Je vous félicite pour vos mots et votre article passionnant. Effectivement, je pense que E.Badinter se trompe d'ennemi, en pensant que c'est une pression écolo et de son point de vue "réactionnaire" que l'on reçoit en tant que jeune maman. Etant enceinte actuellement, je constate chaque jour que j'ai bien plus de pression de la part de femmes de sa génération que de la mienne: celles qui ont connu le même genre de maternité qu'elle (dans les années 60-70-80), celles que l'on a fait allaiter sur le modèle des biberons (une tétée toutes les 4h, la pesée obsessionnelle, l'oeil sur la courbe de poids et le fameux proverbe "il ne faut pas être dépendant de son bébé") et qui ont connu une maternité médicalisée et froide, selon moi. Et qui ont, d'ailleurs, souvent "loupé" leur allaitement, pour des prétextes médicaux divers: pas assez de lait, pas de "bon" lait, ça ne se fait pas quand on travaille, etc. Celles qui me regardent avec de grands yeux quand je dis que je désire vraiment allaiter, que c'est un choix, un vrai, et que je ne me mets ni de limites dans le temps (qui sait combien de temps ça durera?), ni dans l'espace (non, ce ne sera pas réservé à la chambre du bébé, et je ne compte pas me cacher à l'heure de la tétée!)

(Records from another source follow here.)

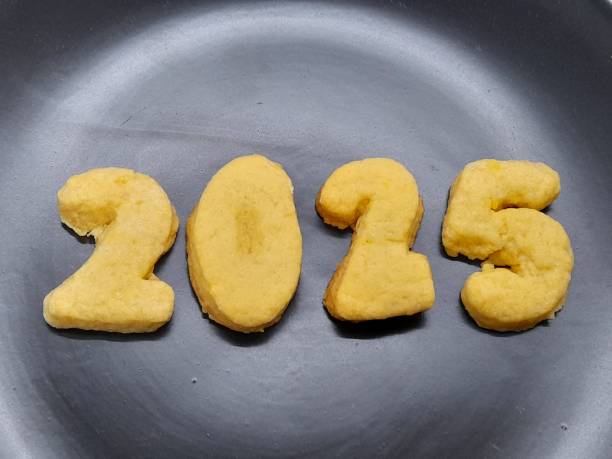 istock 2025 number from biscuit with dark background 2185733774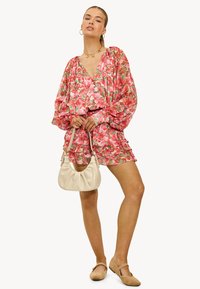 Vrouw in een roze bloemenjurk met pofmouwen, die een beige handtas vasthoudt, geaccessoireerd met gouden sieraden en beige flats.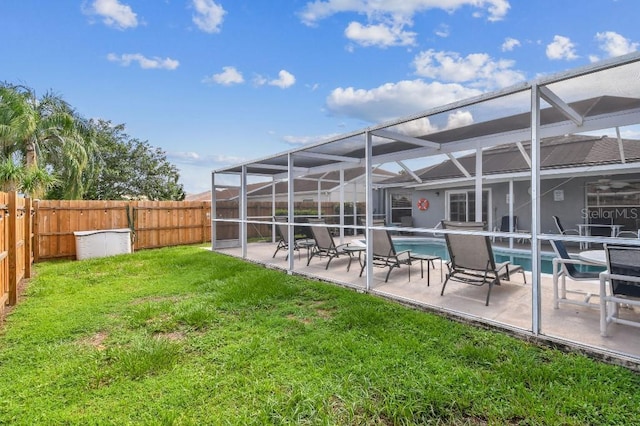 12413 Dawn Vista Dr, Riverview, FL 33578 - rear view of house with a fenced backyard, a patio area, and a lanai
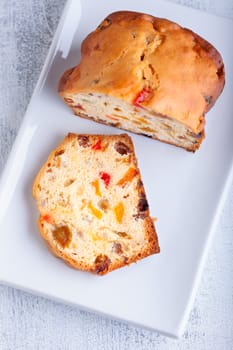 Homemade Fruit Cake with raisins on a white plate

Au final, je trouve que E.Badinter devrait lire Marie Thirion, ça lui ferait du bien! ;-)

Ségolène de mamaNANA

Bonjour et merci pour tous ces commentaires. Amaurycha, je suis désolée si vous ressentez que je prône l’allaitement jusqu’à trois ans. Ce n’est pas du tout mon propos, et si c’est ce que vous retenez de mon blog et ce ce billet, eh bien j’ai tout raté !!! J’ai moi-même choisi d’allaiter ma dernière fille 22 mois (je peux le faire car je suis chef d'entreprise et donc je gère mes horaires comme je l’entends, ce qui est un privilège je le sais. Quand j’étais cadre salariée, c’était autre chose. J’ai toujours travaillé.) Mes autres enfants ont été allaités pour des durées bien plus courtes, c’est ce qui me correspondait à l’époque, et c’est comme cela, et je ne laisserais personne me culpabiliser sur ce point --- comme jamais je ne me permettrais de critiquer une femme qui choisit d’allaiter moins longtemps. Je suis très surprise de lire que vous pensez que je prône l’allaitement jusqu’à trois ans car je ne fais pas du tout de prosélytisme en la matière. La seule chose qui m’importe est que les femmes puissent vivre l’allaitement qu’elles veulent, avec le soutien qu’elles veulent, qu’elles choisissent d’allaiter trois jours, trois mois, ou plus. Je ne supporte pas les discours culpabilisateurs ou extrémistes et j’essaie, justement avec ce blog, de promouvoir une vision ouverte et tolérante des différentes manières de vivre son allaitement. Si, au travers de mes écrits, vous pensez que je culpabilise les unes ou les autres, j’en suis profondément désolée car ce n’est absolument pas mon but. Si vous souhaitez échanger avec moi en privé sur ce point, voici mon adresse mail : segolene.finet@mamanana.com Autre point : oui, je connais les statistiques que vous mentionnez. Ce qui manque dans le livre de Mme Badinter ce n’est pas des statistiques sur les durées d’allaitement (elles y sont), ce sont des statistiques sur le vécu des femmes autour de l’allaitement. C’est ce que j’aurais aimé voir plutôt que des généralisations.